History-Aware Planning for Risk-free Autonomous Navigation on Unknown Uneven Terrain

TL;DR

This study presents a layered and systematic pipeline that maintains a tree structure that is dynamically extended with the navigation and develops an evaluation method whose input elements can be efficiently obtained on the layered structure.

Abstract

It is challenging for the mobile robot to achieve autonomous and mapless navigation in the unknown environment with uneven terrain. In this study, we present a layered and systematic pipeline. At the local level, we maintain a tree structure that is dynamically extended with the navigation. This structure unifies the planning with the terrain identification. Besides, it contributes to explicitly identifying the hazardous areas on uneven terrain. In particular, certain nodes of the tree are consistently kept to form a sparse graph at the global level, which records the history of the exploration. A series of subgoals that can be obtained in the tree and the graph are utilized for leading the navigation. To determine a subgoal, we develop an evaluation method whose input elements can be efficiently obtained on the layered structure. We conduct both simulation and real-world experiments to evaluate the developed method and its key modules. The experimental results demonstrate the effectiveness and efficiency of our method.
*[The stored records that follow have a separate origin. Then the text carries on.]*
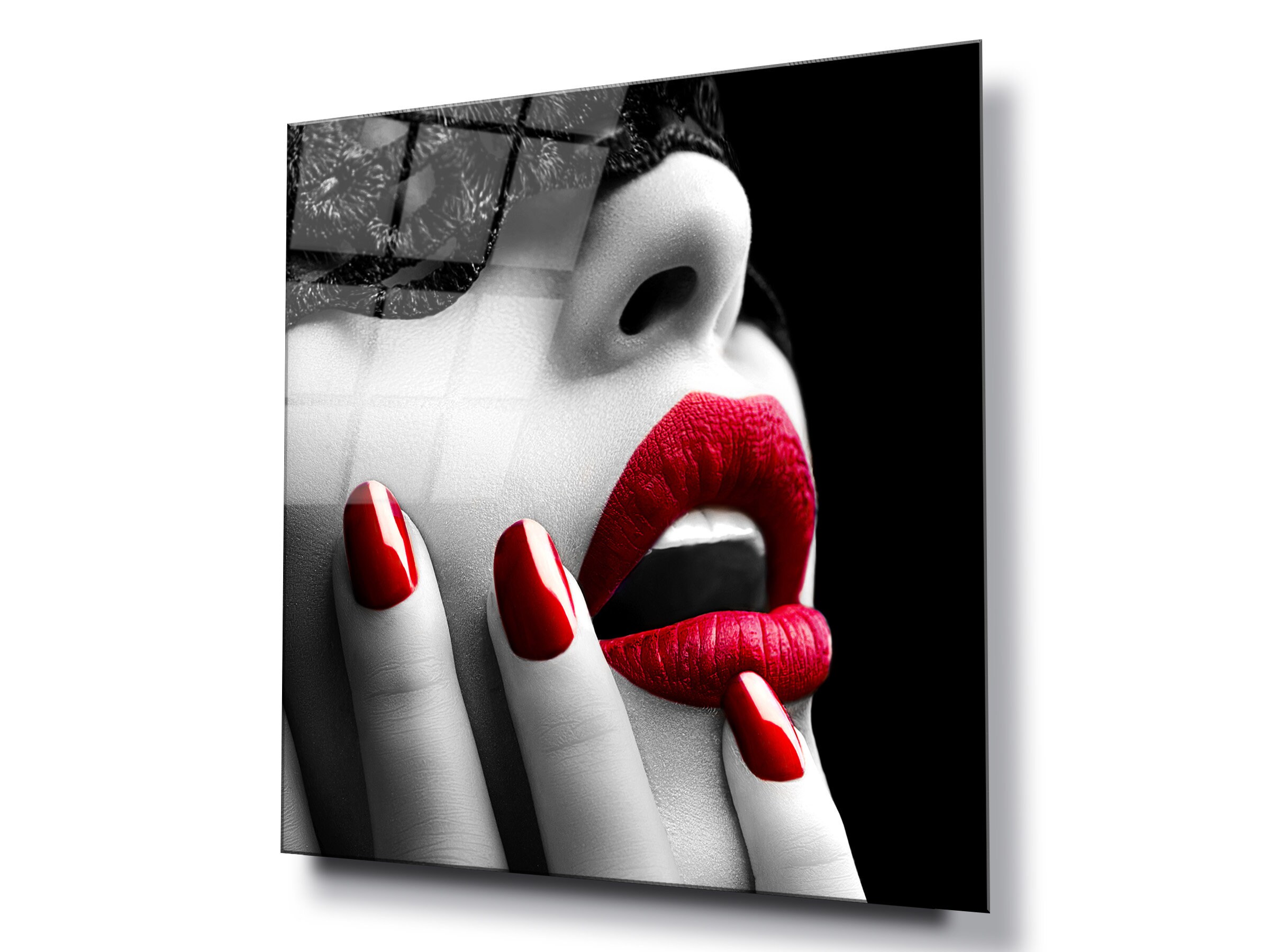 Beautiful red lips glass wall art, HD digital print on glass poster wall hanging, Eye catching modern wall décor, Canvas alternative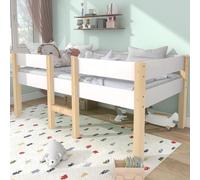 OKWISH Lit cabane 90x190 cm - Lit enfant mi-hauteur avec protection antichute - Bois massif - Sans Matelas - Blanc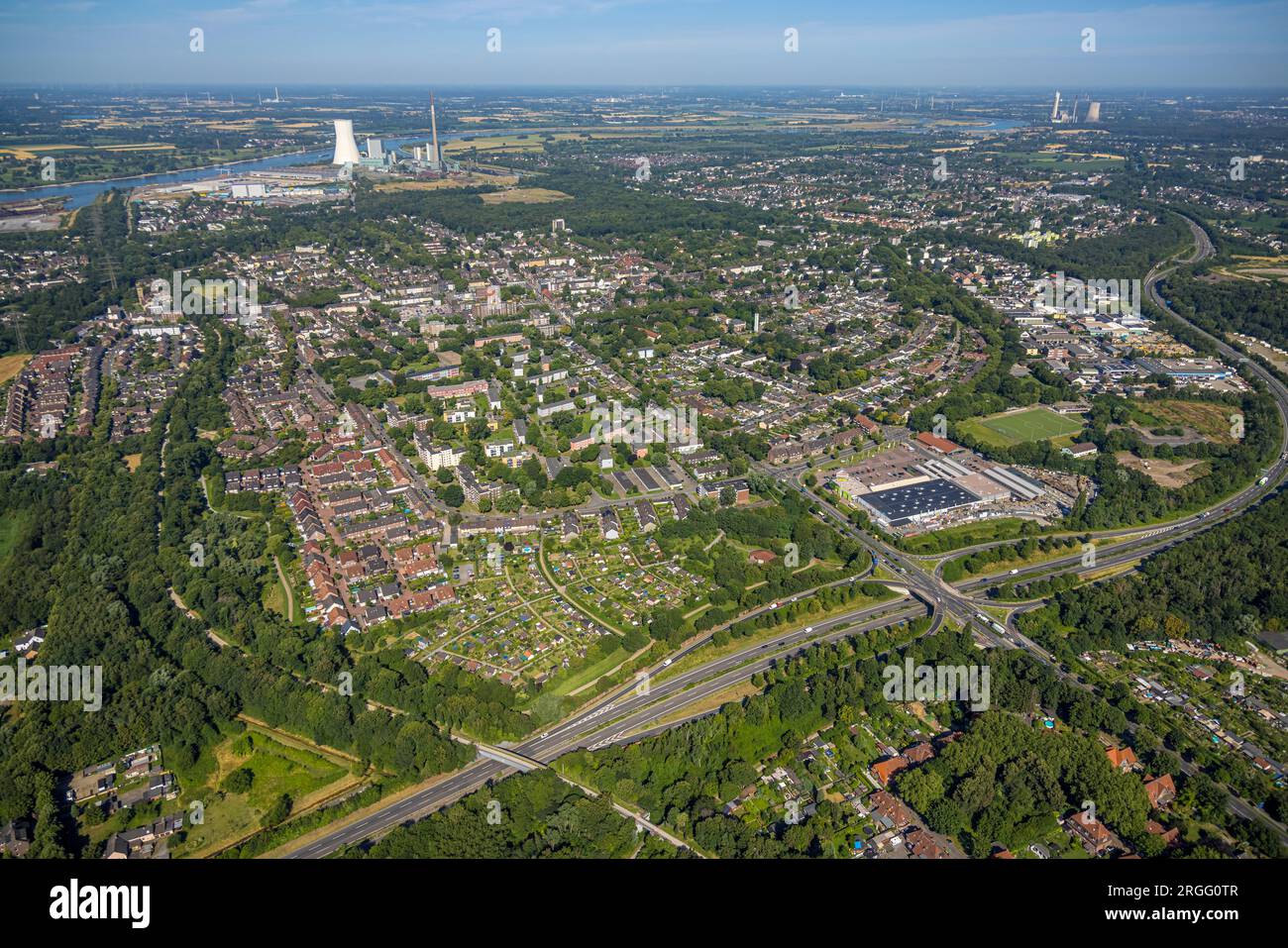 Luftbild, Ortsansicht mit Kleingartenverein Sonnenschein, Aldenrade, Duisburg, Ruhrgebiet, Nordrhein-Westfalen, Deutschland Stock Photo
The robot can travel through the unknown uneven region safely and reach the target rapidly without a preconstructed map.

Figures (10)

• Figure 1: The application of the developed pipeline in real-world environments. A local tree and a global graph are maintained along with the navigation.
• Figure 2: System diagram of the developed mapless navigation framework.
• Figure 3: Illustration of the hazardous region generation. In (a), the blue node is checked. It may incur unfeasible edges represented by red virtual lines within an eight-sector space because it is close to hazardous regions. If it is saturated then it will be marked on the map, as shown in (b). (c) showcases the hazardous regions estabilish based on the saturated nodes to avoid unsafe navigation maneuvers.
• Figure 4: The process of pruning nodes and edges. The green line is the current local boundary while the blue line is the boundary of $\mathcal{M}_{L}$ at the last-moment.
• Figure 5: Illustration of graph construction. The green boundary represents the range of $\mathcal{M}_{L}$. The blue lines and small circles are the vertices and edges of $\mathcal{G}$. The yellow lines and rectangles are the nodes and edges of $\mathcal{T}$. The purple line represents the trajectory of the robot and the blue shaded lines are the branches that are to be added to the $\mathcal{G}$.